Deploying Iris Classification Model with XGBoost: Free, Instant Updates with PyScript Deployment

·

6 min read

Introduction

Welcome to an exciting journey into deploying machine learning models with ease and efficiency! In this blog post, we'll explore how to deploy an iris classification model, built using the powerful XGBoost algorithm, for free and with instant updates. By leveraging PyScript deployment and version control, we'll ensure seamless deployment and maintenance of our machine learning model.

GitHub repo for this project: https://github.com/LakshmanKishore/irisClassification

Live application link: https://lakshmankishore.github.io/irisClassification/

Understanding the Iris Dataset

The Iris dataset comprises samples of iris flowers, each with four features: sepal length, sepal width, petal length, and petal width. Our objective is to classify each iris sample into one of three species: Setosa, Versicolor, or Virginica.

Why XG Boost?

You might wonder why I chose XGBoost for this project. Well, it all started when I encountered some trouble loading a pkl file while using PyScript. But when I revisited PyScript after a few months, I was impressed by its progress. Still, I hesitated due to the pkl file issue. However, a Data Scientist friend mentioned that XGBoost allows storing models in a JSON format. Intrigued by the possibility of deploying machine learning models for free on the web using PyScript and knowing that deployment for static sites is free, I decided to give XGBoost a try.

Integrating Data Science Lifecycle

In the realm of data science, every project follows a lifecycle, from data collection to model deployment. While solving the Iris problem and deploying the model with version control, you're essentially completing several stages of this lifecycle.

Data Collection & Preparation:

In the case of the Iris problem, the dataset was readily available, simplifying the data collection process. However, data cleaning and preprocessing might still be necessary to ensure accurate model training.

Model Building & Evaluation:

Choosing XGBoost showcased the experimentation phase, testing different algorithms and techniques.

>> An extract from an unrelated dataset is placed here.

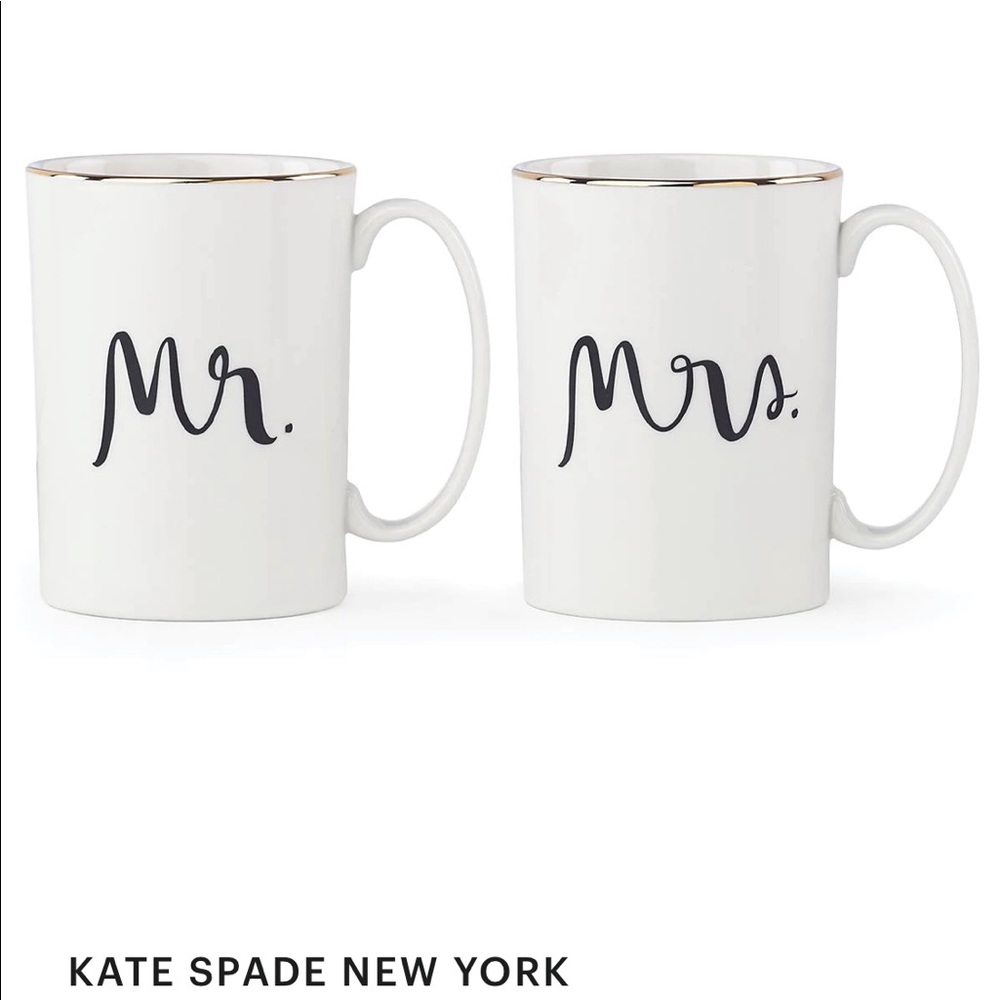 Kate Spade Mugs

By evaluating the model's performance, desired accuracy levels were ensured.

Deployment & Maintenance:

Deploying the model with PyScript and version control (Git/GitHub) represented the deployment and maintenance phase, allowing for easy updates and improvements to the model over time.

Let's get started!

The folder structure consists of:

  • Images: Contains images used in the HTML page.

  • .gitignore: Specifies files and directories to be ignored by Git.

  • README.md: Provides information about the project, typically used for documentation.

  • app.css: Contains custom CSS styles applied to the HTML page for design purposes.

  • favicon.png: Image used for the page title.

  • index.html: HTML file containing tags for structuring the webpage. It includes a submit button that triggers a Python function defined in main.py.

  • irisModel.ipynb: Jupyter notebook file containing the model development process.

  • main.py: Python script containing logic to load the xgb_model.json file and the XGBoost model for production use.

  • pyscript.toml: TOML file specifying the download process for the model and required packages such as XGBoost and pandas.

  • requirements.txt: Text file listing all required packages for building the model.

This folder structure organizes the project components for easy navigation and development. Feel free to explore the files to gain a deeper understanding of the project.

Live Application

The initial screen displays a simple linear gradient background with text introducing the application. It includes input boxes to collect prediction data and a submit button to trigger the prediction method of the loaded model. During the first launch of the application, PyScript sets up a virtual environment and downloads Pyodide, which may cause initial delays. Subsequent uses of the application will be faster as cached data is utilized.

Main Code Snippet

<button py-click="get_predictions()" class="btn btn-primary">Submit</button>

Explanation:

  1. py-click Attribute: This attribute specifies a Python function to be executed when the button is clicked. In our case, the get_predictions() function from our main.py file is called when the button is clicked. This function collects input data from the user, makes predictions using the loaded machine learning model, and updates the webpage with the predicted class and corresponding iris flower image.
import xgboost as xgb
import pandas as pd
from pyscript import Element
from js import document, window

classes = ["SETOSA","VERSICOLOR","VIRGINICA"]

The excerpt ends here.